▶ Brief: Images are not part of the copy; transcribe all the data exactly.

▶ Source data:
'''

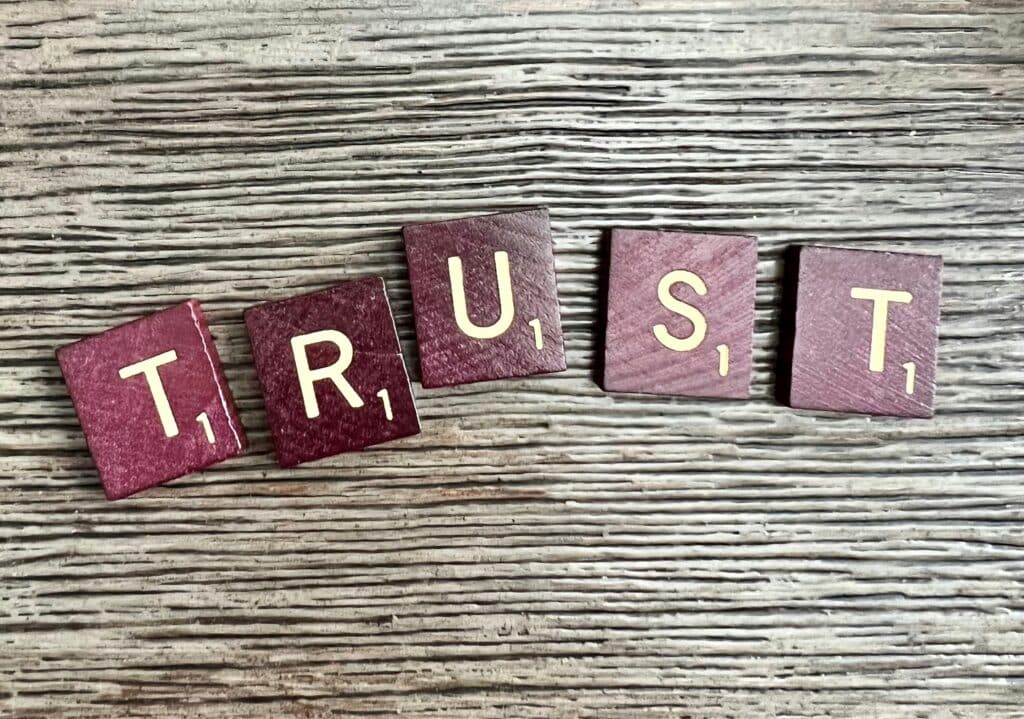 The word trust spelled out in red wood toned scrabble letters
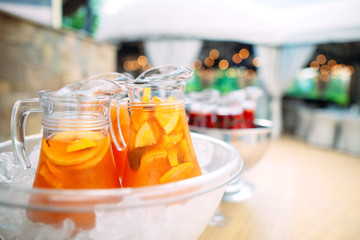 Jugs of lemonade in the ice.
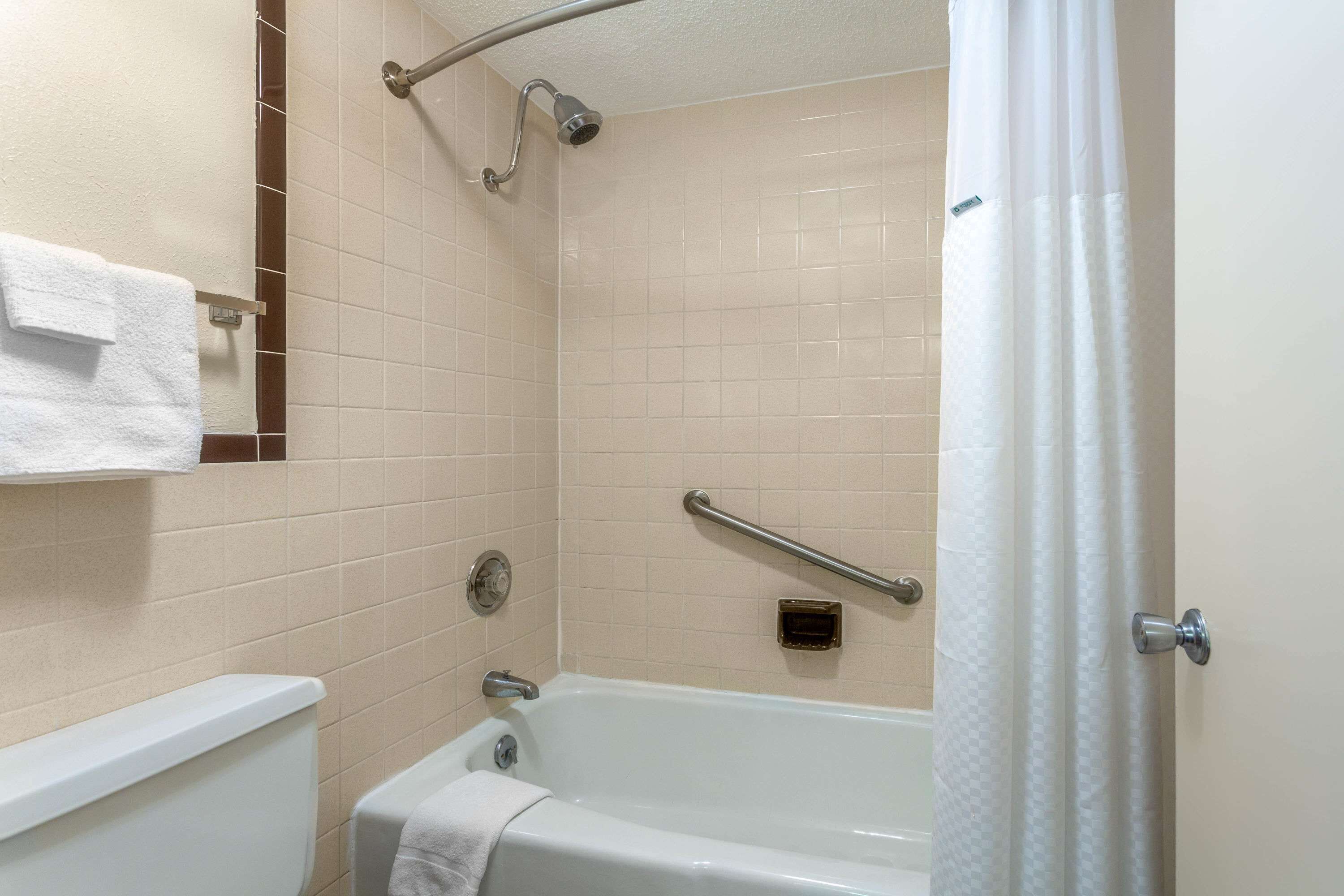 A bathroom with a bathtub, a shower, a toilet, and a towel rack.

'''

▶ Reply to the exercise:
 The word trust spelled out in red wood toned scrabble letters
 Jugs of lemonade in the ice.
 A bathroom with a bathtub, a shower, a toilet, and a towel rack.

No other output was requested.